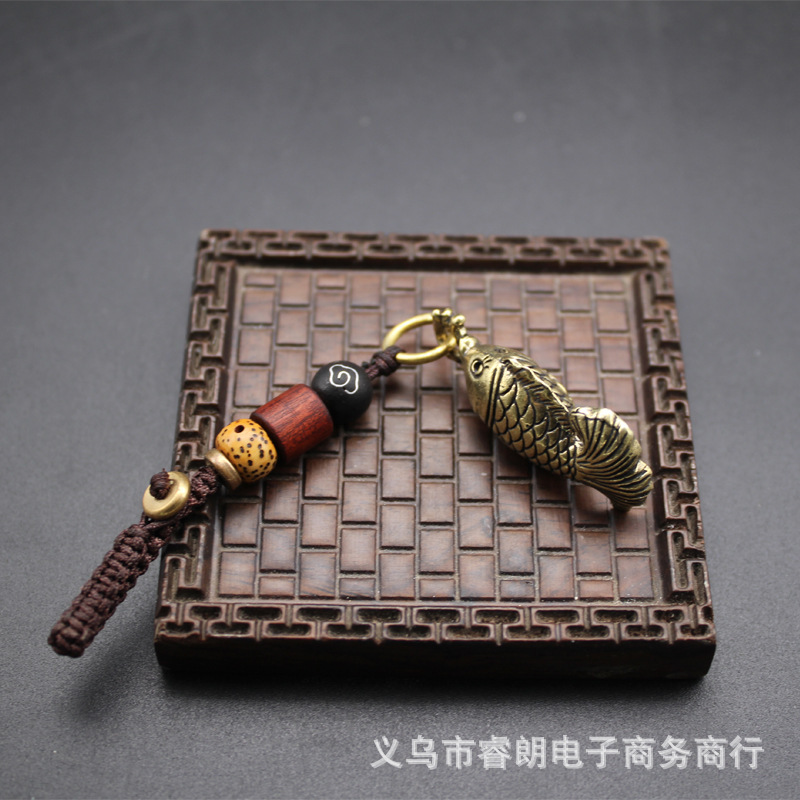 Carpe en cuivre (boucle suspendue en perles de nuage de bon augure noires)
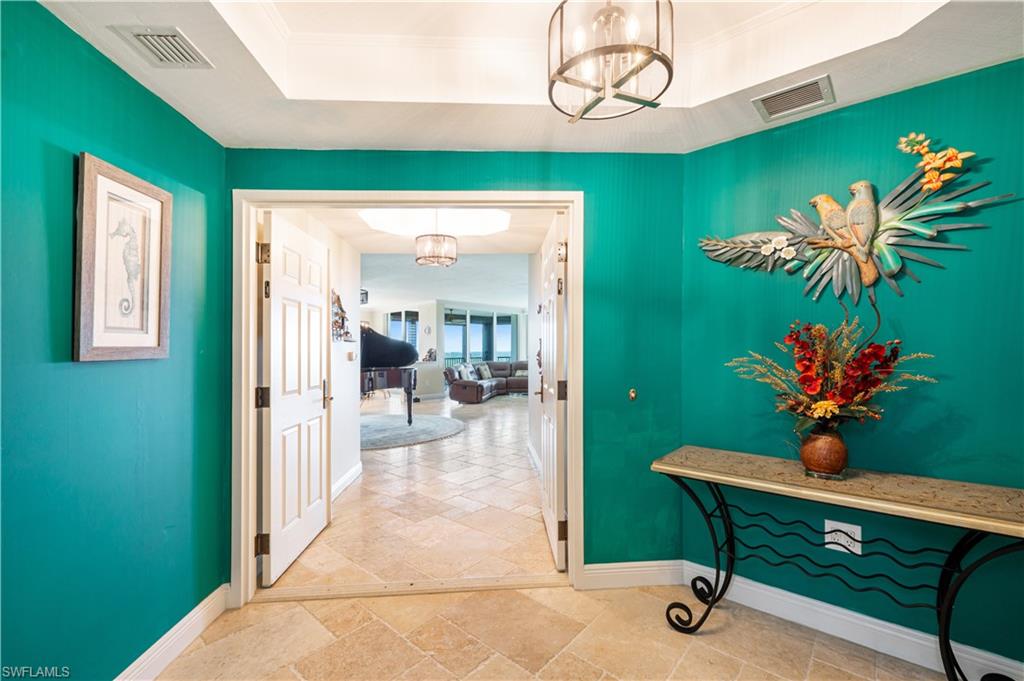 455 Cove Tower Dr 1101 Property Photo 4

::::::::::

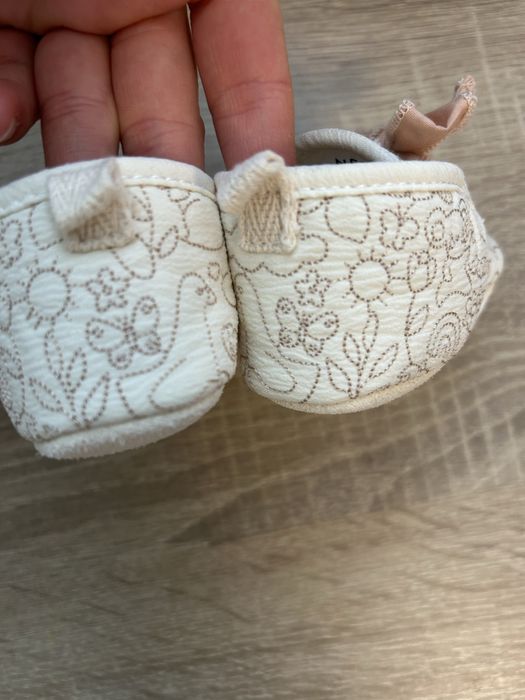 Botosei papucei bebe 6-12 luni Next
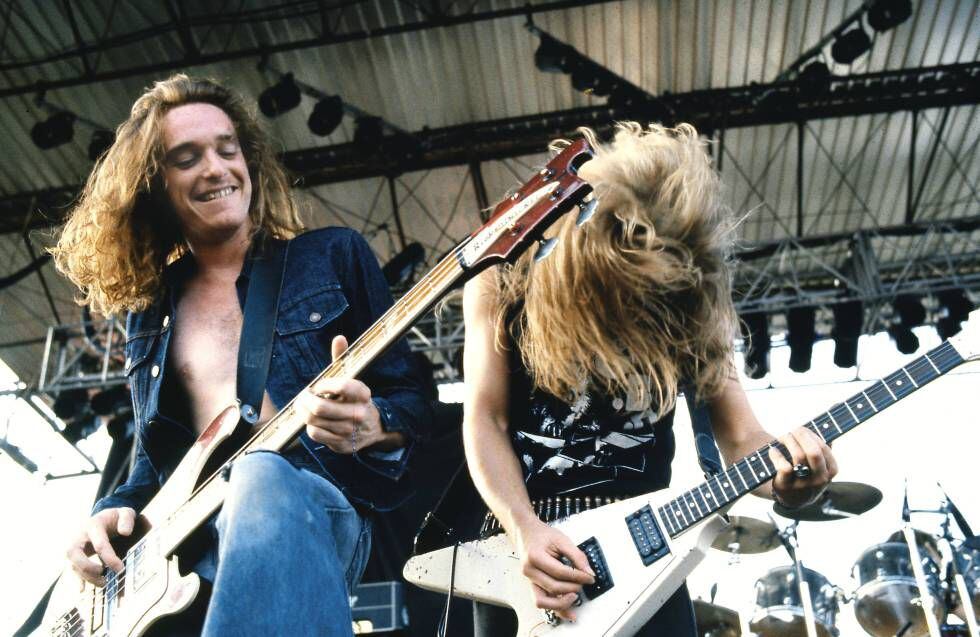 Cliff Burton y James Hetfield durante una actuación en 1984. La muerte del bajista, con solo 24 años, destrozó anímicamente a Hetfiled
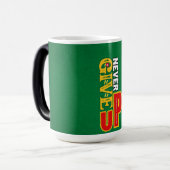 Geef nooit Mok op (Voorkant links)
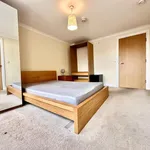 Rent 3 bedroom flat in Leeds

::::::::::

WORK REQUEST
Working from the entries above, reproduce exactly and only the lines beginning with the line that has "Geef nooit Mok op (Voorkant links)" and ending with the line that has "Rent 3 bedroom flat in Leeds"; omit all pictures.

YOUR RESPONSE
 Geef nooit Mok op (Voorkant links)
 Rent 3 bedroom flat in Leeds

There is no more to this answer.